Wednesday, June 28, 2023

Double boom! Anti-trans bills in Tennessee and Kentucky temporarily blocked by federal courts

I told folks a while back when these awful anti-trans bills were being passed that the courtroom is totally different from legislative chambers. In legislative chambers, the ending is mostly pre-determined. You can basically pass any type of junk. But the courtroom is still a place where you have to defend your sh!t. And it looks like those who pushed for these anti-trans bills are having a real problem in that area. 

First, there is Kentucky. 

From The Associated Press:

A federal judge temporarily blocked Kentucky’s ban on gender-affirming care for transgender youths on Wednesday, taking the action shortly before the measure was set to take effect. In issuing the preliminary injunction, U.S. District Judge David Hale sided with seven transgender minors and their parents, who sued the state officials responsible for enforcing the provisions banning the use of puberty blockers and hormones. “Justice is served today as the most egregious parts of Kentucky’s anti-trans law are struck down by a federal judge,” said Chris Hartman, executive director of the Fairness Campaign, a Kentucky-based LGBTQ+ advocacy group. 

 . . . In their lawsuit, the Kentucky plaintiffs claim that the prohibition interferes with parental rights to seek established medical treatment for their children. The plaintiffs requested a preliminary injunction to prevent the disputed portion of the law from taking effect on Thursday. In his order, Hale concluded that the plaintiffs showed “a strong likelihood of success on the merits” of their constitutional challenges to the contested portion of the measure. In his order, the judge said that if the disputed sections were allowed to take effect, they would “eliminate treatments that have already significantly benefited six of the seven minor plaintiffs and prevent other transgender children from accessing these beneficial treatments in the future.”


And while we were rejoicing over that, we got more good news from Tennessee. 

Brody Levesque from The Los Angeles Blade reported:

A federal judge has blocked enforcement of a Tennessee law banning gender-affirming healthcare care for trans youth up to age 18 while several families’ legal challenge against the law proceeds in court. United States District Court Judge Eli Richardson in his sixty-nine page ruling granted the request for a preliminary injunction against the law, SB1, in a lawsuit brought by Samantha and Brian Williams of Nashville and their 15-year-old daughter, as well as two other anonymous families and Dr. Susan N. Lacy. The law would prohibit medical providers from providing gender-affirming health care to transgender youth and would require trans youth currently receiving gender-affirming care to end that care within nine months of the law’s effective date of July 1, 2023, or by March 31, 2024. 

 Richardson wrote in his conclusion: “The Court realizes that today’s decision will likely stoke the already controversial fire regarding the rights of transgender individuals in American society on the one hand, and the countervailing power of states to control certain activities within their borders and to use that power to protect minors. The Court, however, does not stand alone in its decision. 

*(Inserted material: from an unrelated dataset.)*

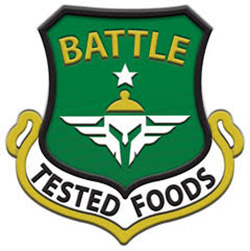 Battle Tested Food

As repeatedly emphasized above, several federal courts across the country have been confronted with laws that mirror SB1 in material respects. To the Court’s knowledge, every court to consider preliminarily enjoining a ban on gender-affirming care for minors has found that such a ban is likely unconstitutional. And at least one federal court has found such a ban to be unconstitutional at final judgment.”

According to the ACLU:

Tennessee’s is the fourth ban on gender-affirming care blocked by a federal court following similar rulings in Arkansas, Alabama, and Florida, and Kentucky. The ACLU and the ACLU of Oklahoma secured a binding non-enforcement agreement with the Attorney General of Oklahoma preventing enforcement of that state’s ban in May 2023. On June 16, 2023, the ACLU and the ACLU of Indiana were granted a preliminary injunction in a legal challenge against Indiana’s ban on gender-affirming care. In June 2023, a federal judge in Arkansas struck down that state’s ban in a permanent injunction, the first court ruling on the merits regarding a ban on gender-affirming care.